● TASK TO COMPLETE: If a line below falls between the line with "WA license plate AAW2386" and the line with "Roper Size M", or is one of those two, output it exactly; output nothing else and no pictures.

● EXCERPTED RECORDS:
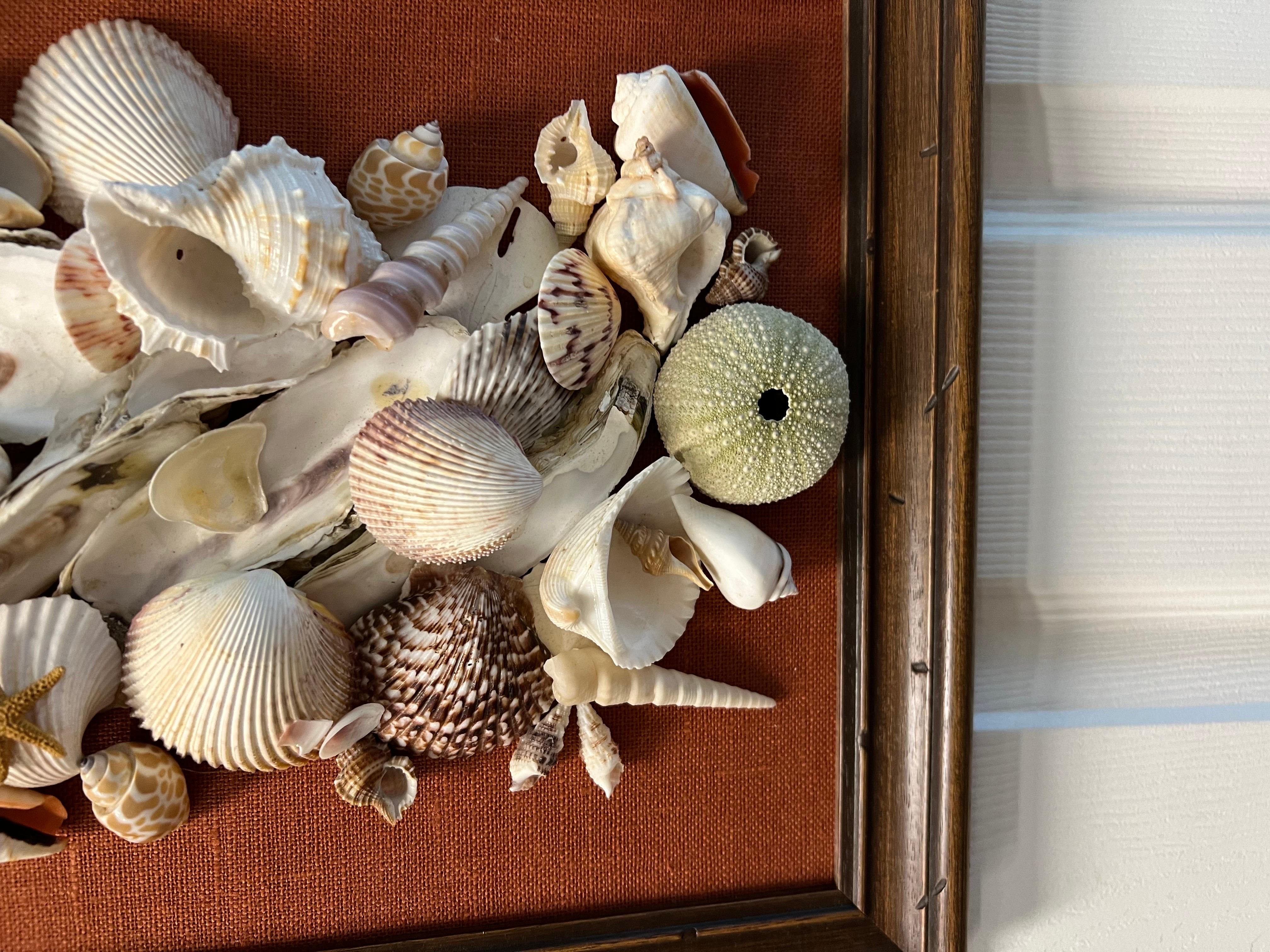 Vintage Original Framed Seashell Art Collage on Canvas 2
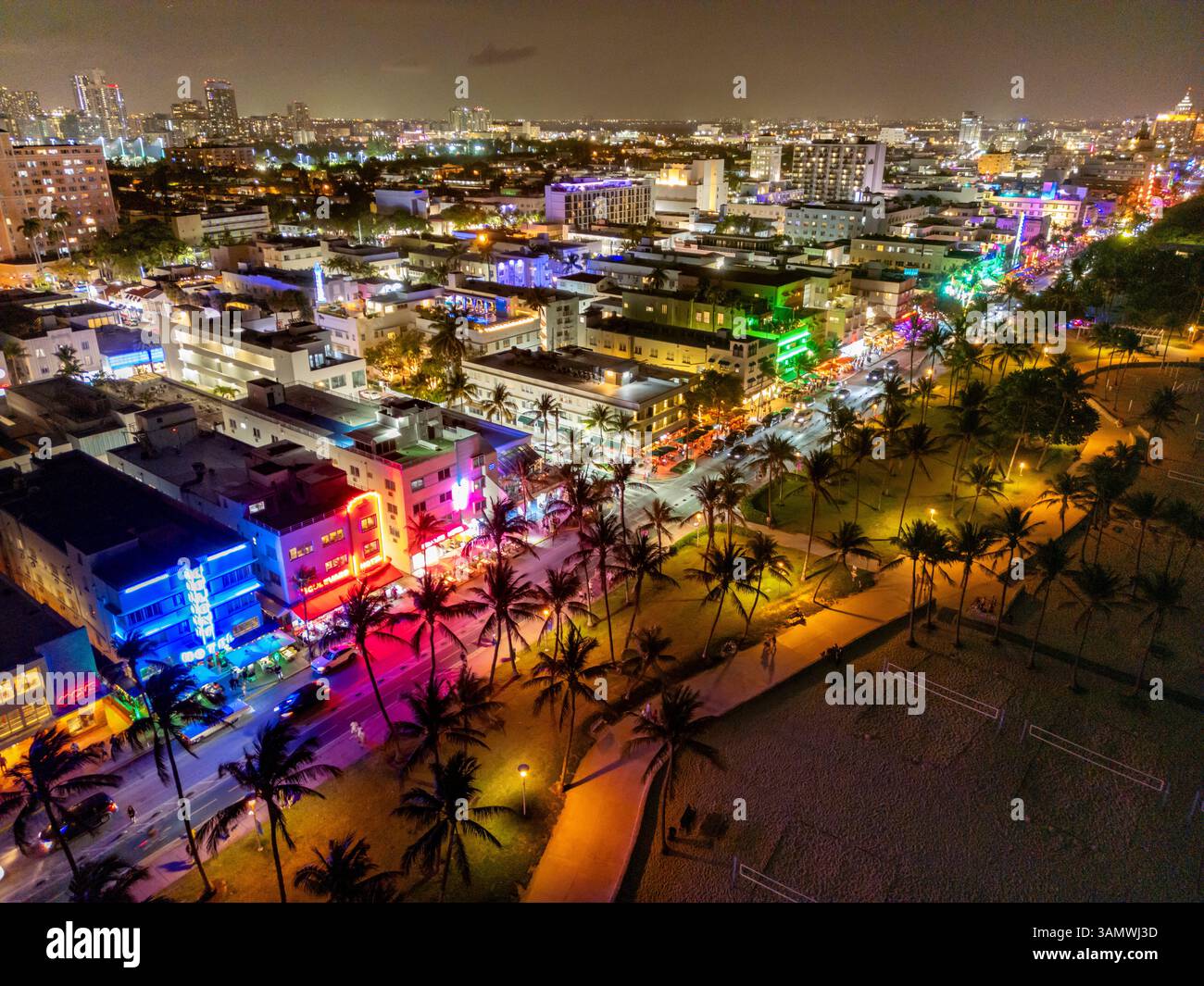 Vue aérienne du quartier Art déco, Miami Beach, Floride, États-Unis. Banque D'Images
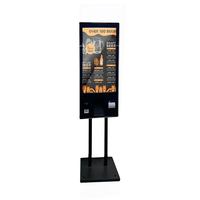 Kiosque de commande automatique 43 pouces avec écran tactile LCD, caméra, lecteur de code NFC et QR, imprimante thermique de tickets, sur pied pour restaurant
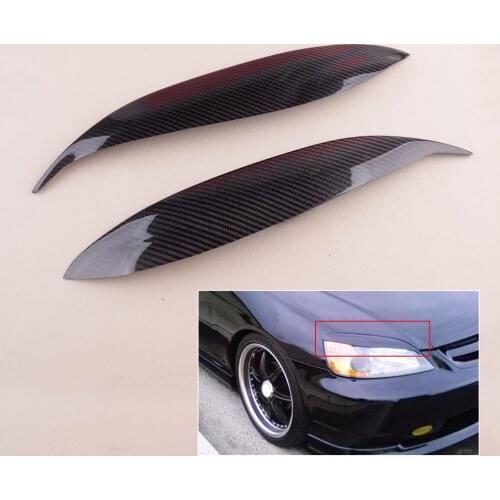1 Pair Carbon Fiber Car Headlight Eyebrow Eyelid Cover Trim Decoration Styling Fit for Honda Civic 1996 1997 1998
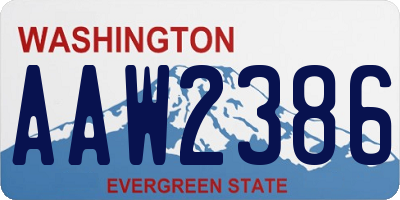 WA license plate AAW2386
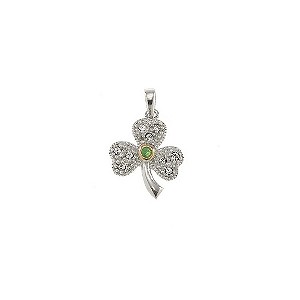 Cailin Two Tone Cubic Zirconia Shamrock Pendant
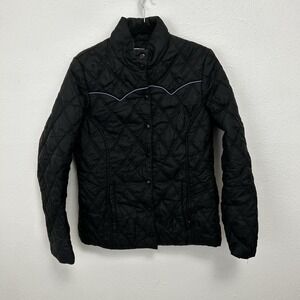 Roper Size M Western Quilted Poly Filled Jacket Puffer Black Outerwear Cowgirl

==

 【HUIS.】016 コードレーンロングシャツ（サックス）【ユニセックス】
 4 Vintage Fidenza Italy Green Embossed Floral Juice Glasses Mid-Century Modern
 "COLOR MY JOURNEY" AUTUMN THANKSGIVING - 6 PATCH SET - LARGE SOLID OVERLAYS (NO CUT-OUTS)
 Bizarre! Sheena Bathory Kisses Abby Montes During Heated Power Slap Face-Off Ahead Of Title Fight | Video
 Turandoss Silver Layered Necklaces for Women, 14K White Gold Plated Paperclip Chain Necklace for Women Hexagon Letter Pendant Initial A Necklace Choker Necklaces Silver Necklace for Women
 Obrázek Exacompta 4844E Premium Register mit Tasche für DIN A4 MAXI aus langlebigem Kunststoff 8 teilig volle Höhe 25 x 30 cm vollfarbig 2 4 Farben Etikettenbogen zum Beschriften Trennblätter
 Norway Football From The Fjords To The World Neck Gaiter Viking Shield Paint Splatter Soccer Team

* * *

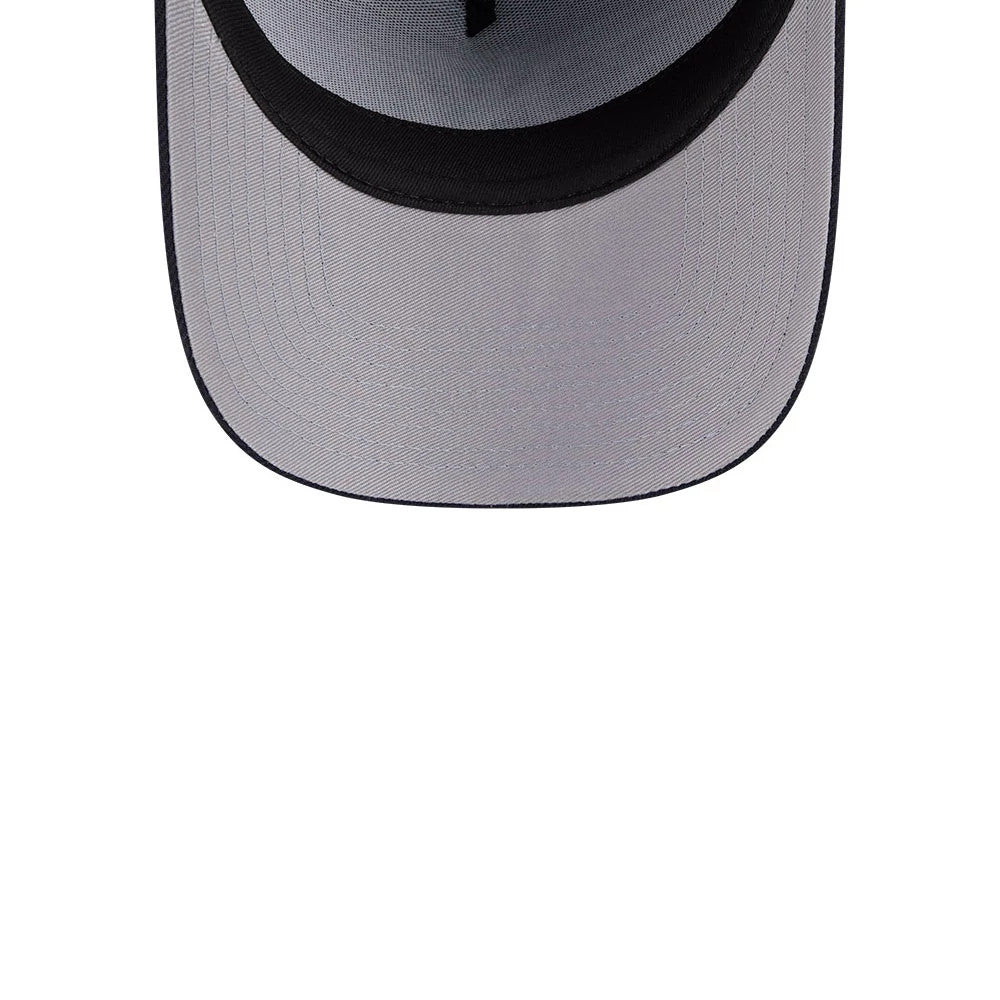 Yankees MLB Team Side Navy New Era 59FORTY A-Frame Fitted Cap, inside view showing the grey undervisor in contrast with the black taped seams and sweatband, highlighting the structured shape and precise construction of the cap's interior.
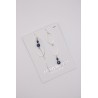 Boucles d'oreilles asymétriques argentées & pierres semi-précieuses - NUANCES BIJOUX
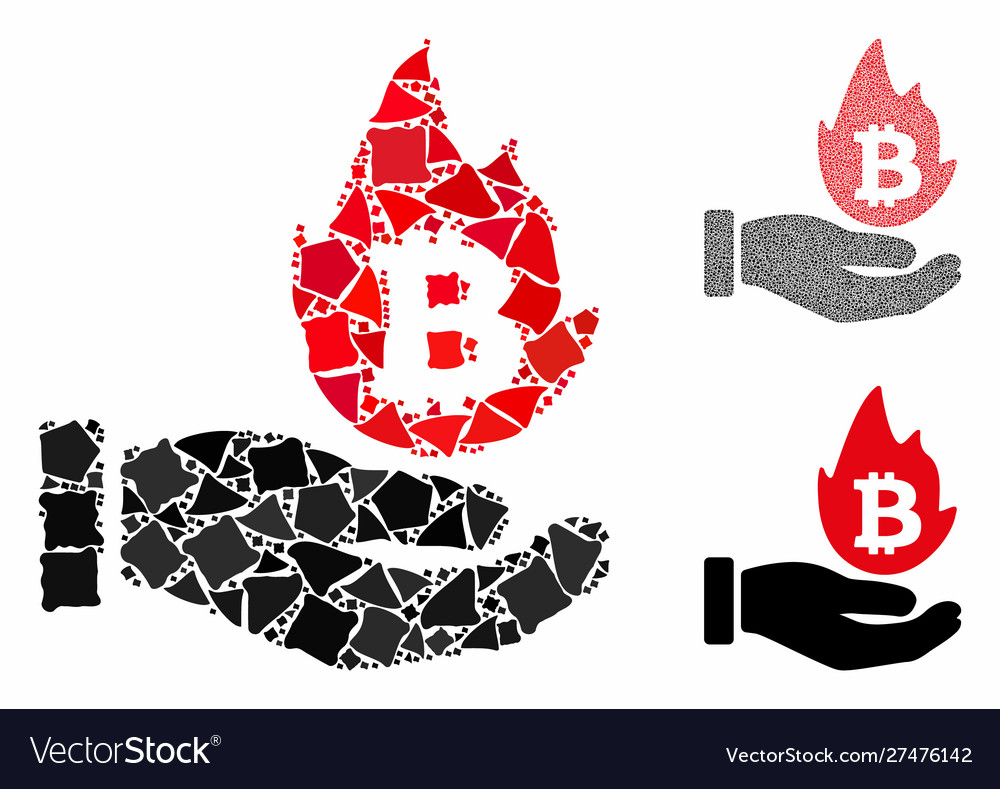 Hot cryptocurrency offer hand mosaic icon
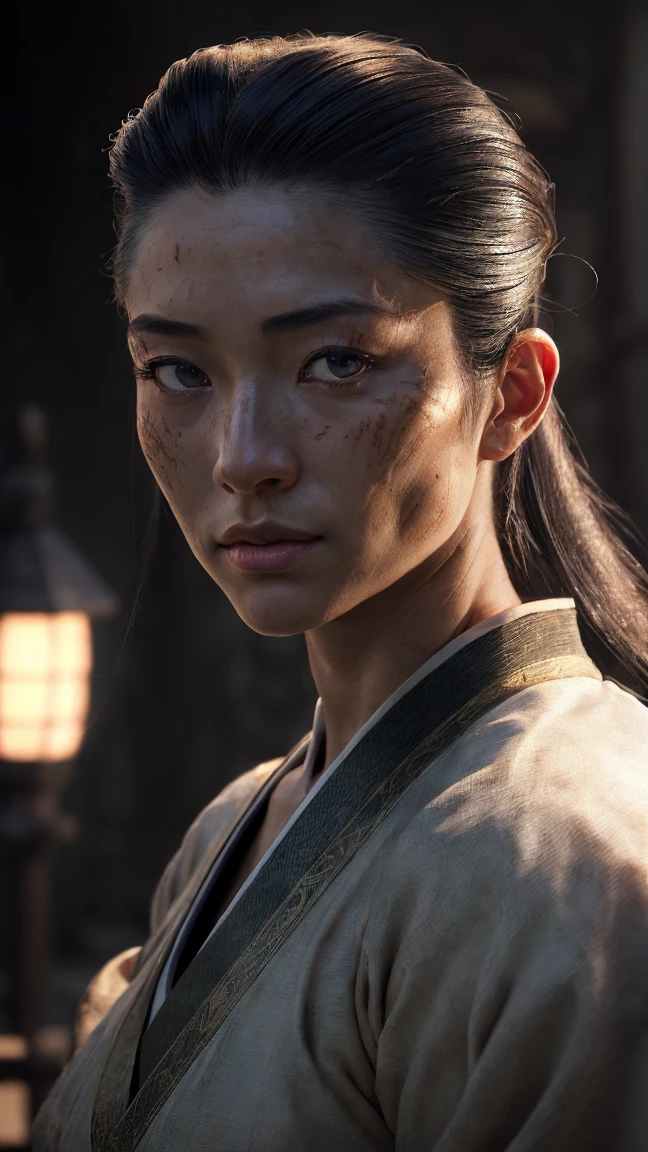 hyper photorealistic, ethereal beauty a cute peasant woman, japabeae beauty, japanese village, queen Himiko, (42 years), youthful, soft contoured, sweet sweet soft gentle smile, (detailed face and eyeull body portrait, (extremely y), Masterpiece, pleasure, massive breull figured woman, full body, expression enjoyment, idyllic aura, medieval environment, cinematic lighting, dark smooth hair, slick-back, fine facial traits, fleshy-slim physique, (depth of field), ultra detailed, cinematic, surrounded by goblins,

● ANSWER FOR THIS EXERCISE:
 WA license plate AAW2386
 Cailin Two Tone Cubic Zirconia Shamrock Pendant
 Roper Size M Western Quilted Poly Filled Jacket Puffer Black Outerwear Cowgirl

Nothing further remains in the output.